I was going to write a snarky blog post arguing about how that the government should bail me out instead of GM or CitiGroup.  But why am I against this plan?

If Treasury buys mortgages with the goal of bringing down rates, they are essentially subsidizing the price of housing.  Given that low interest rates inducing an overheated housing market is exactly what induced this mess, it seems like a step backward.

You can't undo the past.  We all collectively made a bunch of bad decisions about our homes based on temporarily distorted pricing information.  (This podcast has a pretty good explanation of what the implication for money is on our buying binge.)  Life can return to normal only once home prices make sense.

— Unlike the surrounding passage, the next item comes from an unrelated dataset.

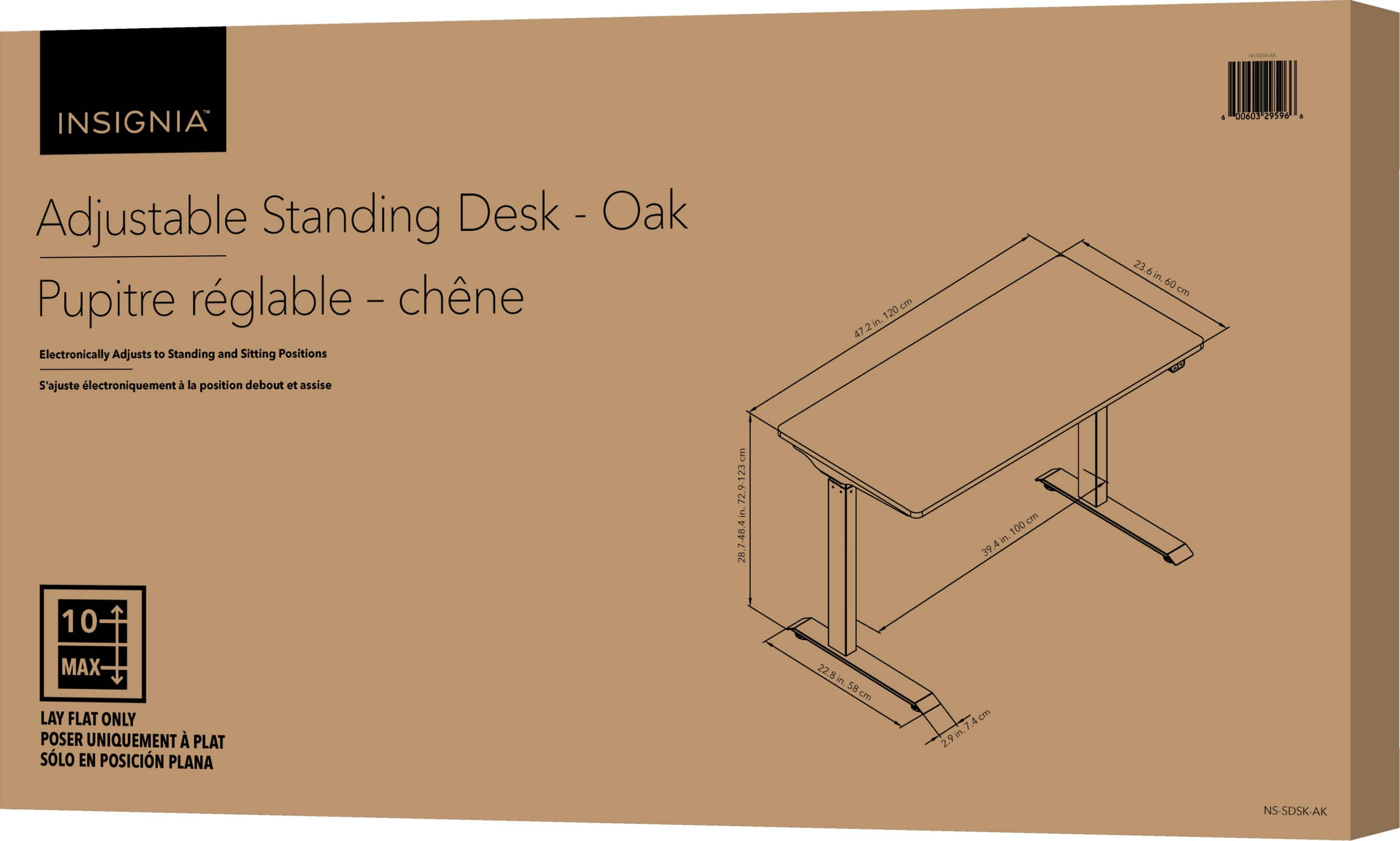 Alt View 17. Insignia™ - Adjustable Standing Desk with Electronic Control - 47.2" - Oak.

During the boom, plenty of homes we didn't need were built, because prices were artificially high.  If we prop up interest rates, two things happen, neither of which are good:
  1. We subsidize overproduction.  That's wasted economic activity.
  2. We pay the opportunity cost.  Buying down mortgage rates has no upside for the larger economy or tax payers.  At least with Citi we get a dividend.
The truth is that I'm being over-dramatic.  Housing prices are probably going to go below their eventual clearing level, since buyers are irrationally petrified of buying before the bottom and risk premiums on everything are through the roof.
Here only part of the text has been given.